For example, last July it was Lauryn that turned me on to Martin Lukes Chief Personal Ethics Champion aka Maybe it's just because I am such a fan of British humor or have been gone from the big-time corporate world long enough that some of what goes on just makes be laugh until the tears come. Not sure, all I know is that I have been a faithful reader of Martin Lukes' business happenings every since.

Well, now it seems there is another one! Lauryn stops by and showed me a column in FT's Business Life section written by Lucy Kellaway that was titled: Why there has been an uptick in my tolerance of jargon. Unfortunately, the FT has gone the route of the NY Times and you now have to pay to read the work of their regular columnists, so I can just give you a link so you can check out this particular piece. Suffice it to say I thought it was pretty funny (otherwise why am I taking the time to blog about it).

In the column she directs the reader to a couple of books on business jargon. One is by, as she calls him "...a frightfully nice man with a PhD from Oxford" and is titled: Ducks in a Row, an A-Z of Offlish. To give you an idea of the author's approach, Lucy tells her readers that in his introduction to the book, the author tells us "As offlish is highly contagious, it is vital that these people are mocked, ridiculed and undermined in order to prevent its spread." I love it!

On the other side of the pond, comes the U.S. entry written by Ron Sturgeon, someone that Lucy describes as a "...former scrap-car dealer." This one is titled: Green Weenies and Due Diligence. She says the book as some 1200 terms and phrases many of which I assume covers the well-worn territory that with which most of us are all too familiar. She did, however, offer up a couple of newer ones (at least to me) such as "chair plug" and "square-headed girlfriend." The first being someone who simply sits in a meeting contributing nothing (aka an empty suit?) and the "girlfriend" turns out to be your PC.

What does it all mean? Nothing of course, but as we struggle through the crashing and thrashing of getting to our numbers by year-end along with creating our numbers for the year coming, it's kind of fun to take a side trip to columns like Ms. Kellaway's.

Wednesday, December 07, 2005

Working to Live or Living to Work?

Last Tuesday's WSJ had an interesting column by Loretta Chao titled, For Gen Xers, It's Work to Live. One of the key points it made had to do with the gap between the "wants" for the Gen Xers and the Baby Boomers (and beyond) for whom they work.

It isn't that the observations the reporter made by providing all sorts of stats from almost any survey you want to mention that made it very clear that the Xers most valued "perk" was work schedule flexibility.
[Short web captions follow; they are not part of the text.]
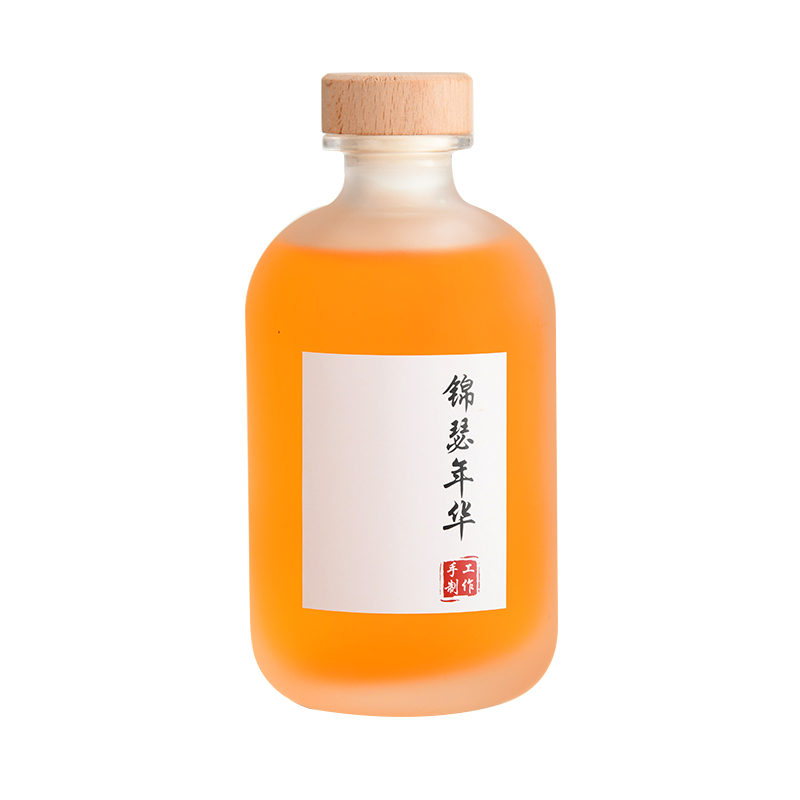 Homemade fruit wine bottle soaked wine sealed glass wine bottle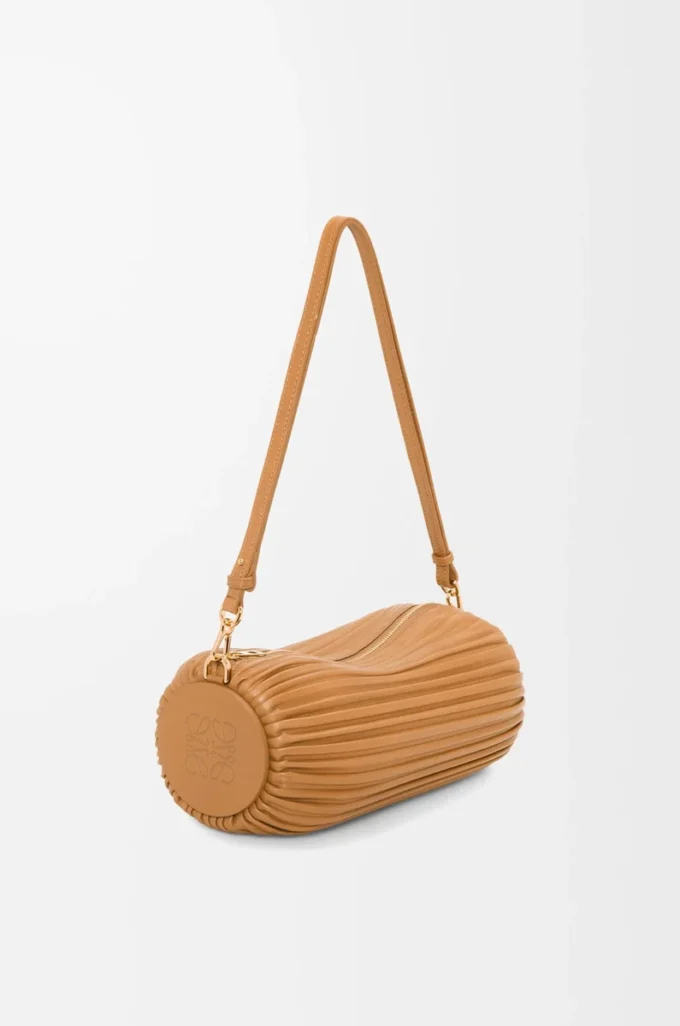 Pochette bracelet en cuir d’agneau nappa plissé Warm Desert Pochette bracelet en cuir d’agneau nappa plissé Warm Desert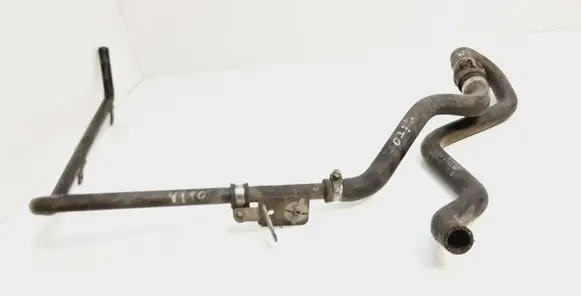 Mercedes-Benz Vito Viano W639 Engine coolant pipe/hose A6398328423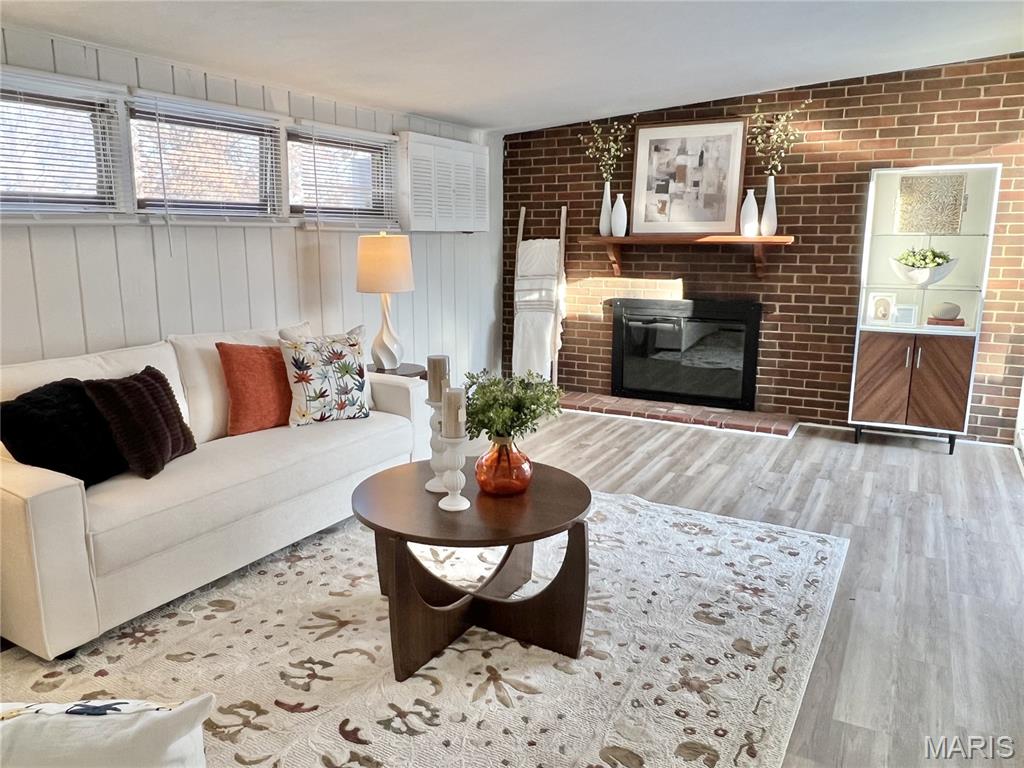 2463 St Giles Road St. Louis, MO 63122 - Photo 3 of 40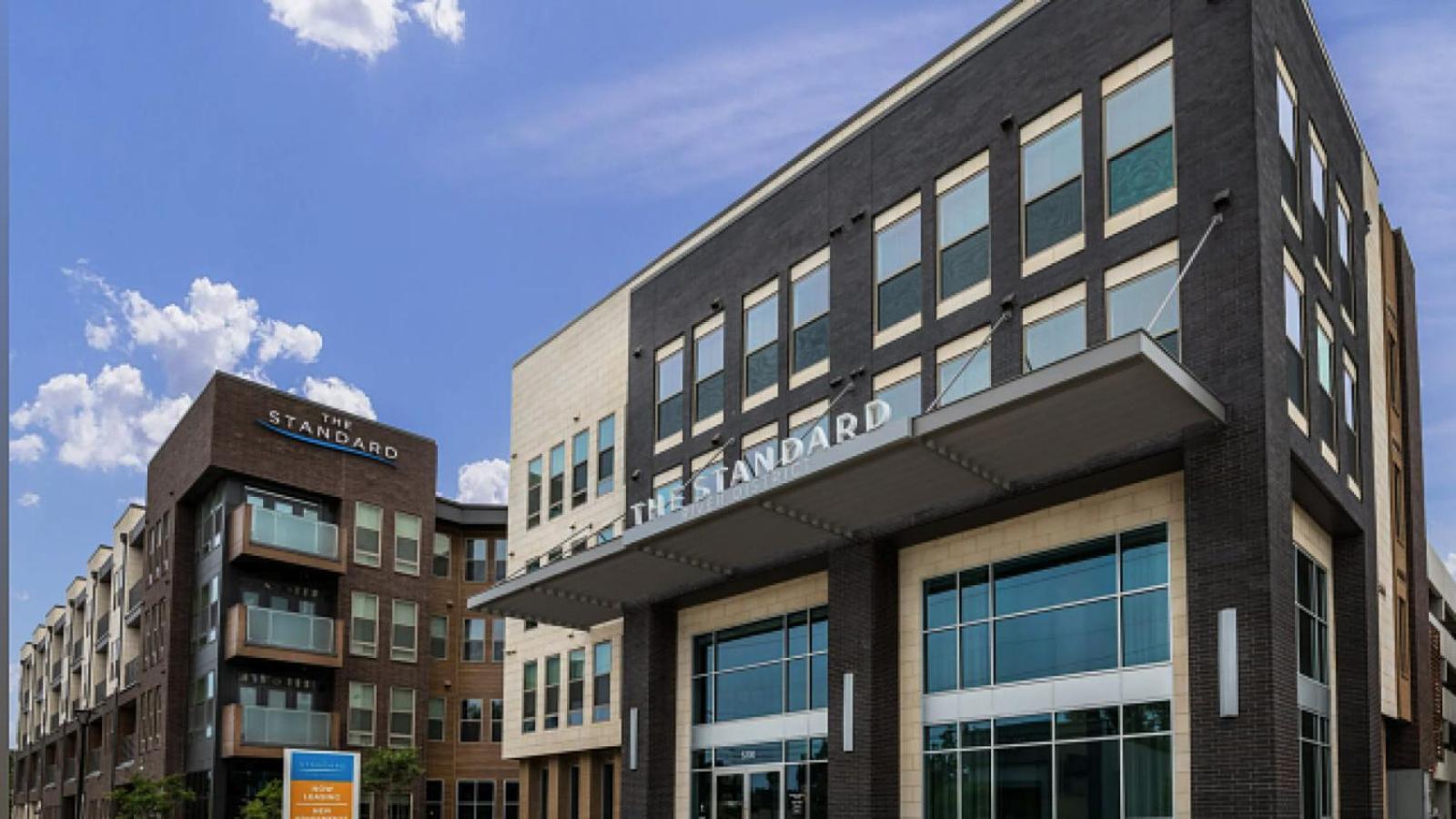 Landing At The Standard River District - 1 Bedroom In River District Fort Worth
That came as no surprise. What caught my attention was that many of their bosses still think that "by the book" structure is still what makes the world go round.

Any company or manager on the planet who has not yet gotten the word that as our economy has continued to gain traction the GenXers (and yes, a good percentage of the Boomers as well) are starting to vote with their feet in a big way must not have their EKG machines turned on.

Here at galactic headquarters we see these things manifesting themselves in any number of ways as the senior-level executives who make up our community report to us on what is often an hourly basis things like: people "landing" at a significantly higher rate; new members who report their status as "currently employed and thinking about making a change" to name a couple. They are, of course, responding to what they see in terms of the increased demand (e.g. our postings from recruiters are up close to 40% YTD).

So my question is this: If all those who say they are making a change because they want to find a work environment and/or a culture that is more in tune with their "wants", to what degree do they "get it?" Do they "get it" enough to really work to transform the cultures of the organizations to which they are going so that they meet the real needs of those already there and as part of which and as members of the executive team, they will be trying to recruit and retain?

If one examines the behavior of organizations in the past as they have attempted to adapt to the changing values of differing generations, it explains all too clearly why when it is a seller’s market that retention is always a big time issue. And the "war for talent" stats notwithstanding, it ain't just about numbers of warm bodies available.

There is in all this, it seems to me, both lesson and "learning." The companies who have not made addressing retention issues a strategic priority must be made up of people who believe the old saying: "History is something that happens to other people."

It would be my hope that in today's environment where we have the chance to apply both lessons and "learnings" that companies will be more inclined to view it as Alphonse De Lamartine put it: "History teaches everything including the future."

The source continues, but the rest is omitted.